試験に合格するためには、戦略が必要だ。孫氏の言葉「己を知り敵を知れば百戦危うからず」に倣い、日本語能力試験の勉強法を見ていこう。

○己を知る
自分の現状を知ることは、試験合格のための第一歩だ。目標を設定するためにも、まずは日本語能力試験公式HP(https://www.jlpt.jp/samples/forlearners.html)より試験問題例に挑戦し(無料)、自分に今どのくらいの日本語能力があるのか確認してみよう。その際には点数だけを気にするのではなく、得意なところ・苦手なところを把握するのが重要だ。
試験を受けた後も、自分を振り返る良い機会だ。合否の結果だけでなく、何ができて何ができなかったのかを確認することができる。結果の見かた
https://www.jlpt.jp/guideline/results.html?pScanchor5)を参考に、次回に向けて勉強計画を練り直そう。

○敵を知る
日本語能力試験について知る上で特に重要なのは、出題項目と合否判定の方法だ。合格するためには、総合点が合格に必要な点(=合格点)以上であることと、各得点区分の得点が、区分ごとに設けられた合格に必要な点(=基準点)以上であることが必要だ。自分の受験するレベルでは、どの項目で何点必要か、判定の仕組みを理解することが合格への近道だ。
また、実際の試験問題を解くことは、日本語能力の向上と試験の方式に慣れるという点で有効な方法だ。公式問題集には過去の試験に出題された問題が収載されており、より本番に近い形で取り組めるため、おすすめだ。
▼参考書籍
https://www.jlpt.jp/reference/books.html

その他、心に余裕をもって試験に臨むためにも、自宅で時間制限内に1回分の試験問題を解いてみたり、当日の試験会場や交通手段を確認しておくこと等、できることはたくさんある。いろいろと試して、自分に効果的な方法を見つけよう。

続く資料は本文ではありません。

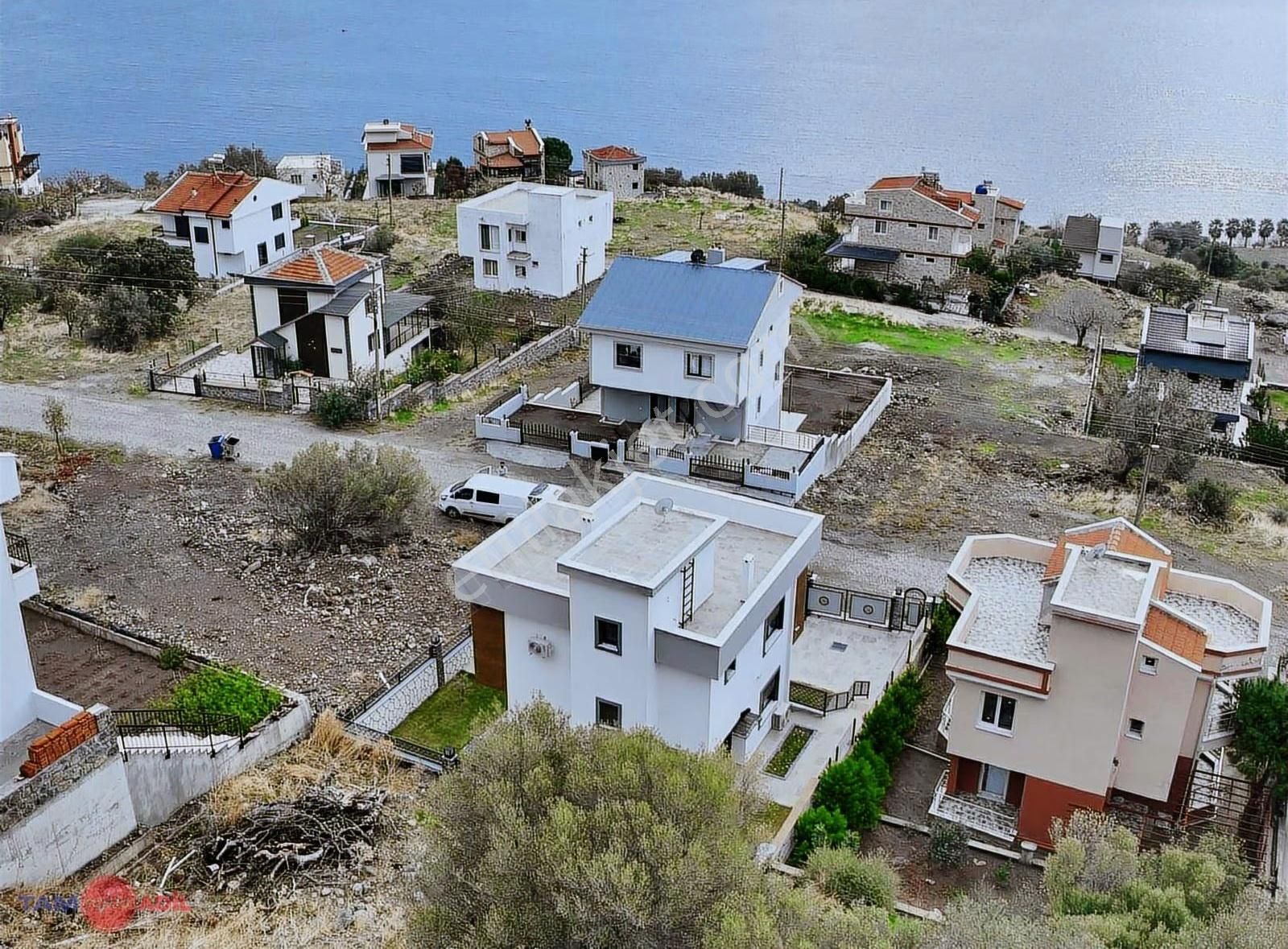 Çandarlı Denize 280 M. Mükemmel Deniz Manz. Lüks Tripleks Villa - Görsel 12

最近では、英語を主体としたグローバル採用を行う企業も出てきたが、従来の日本企業では、日本語能力試験の取得レベルが合否に少なからず影響を与える。そのため、就職活動の際には、できるだけ高いレベルを取得しておくことが得策だ。日本への留学を予定している人も、将来日本企業への就職を考えているなら、ぜひ早めに取り組んでおきたい。日本語能力試験は、何度でも受験可能だ。この記事で概要を掴み、効果的な勉強法を見つけて、納得のいく結果が出るまでチャレンジしよう。

 

※本記事の情報は、公開時点のものです。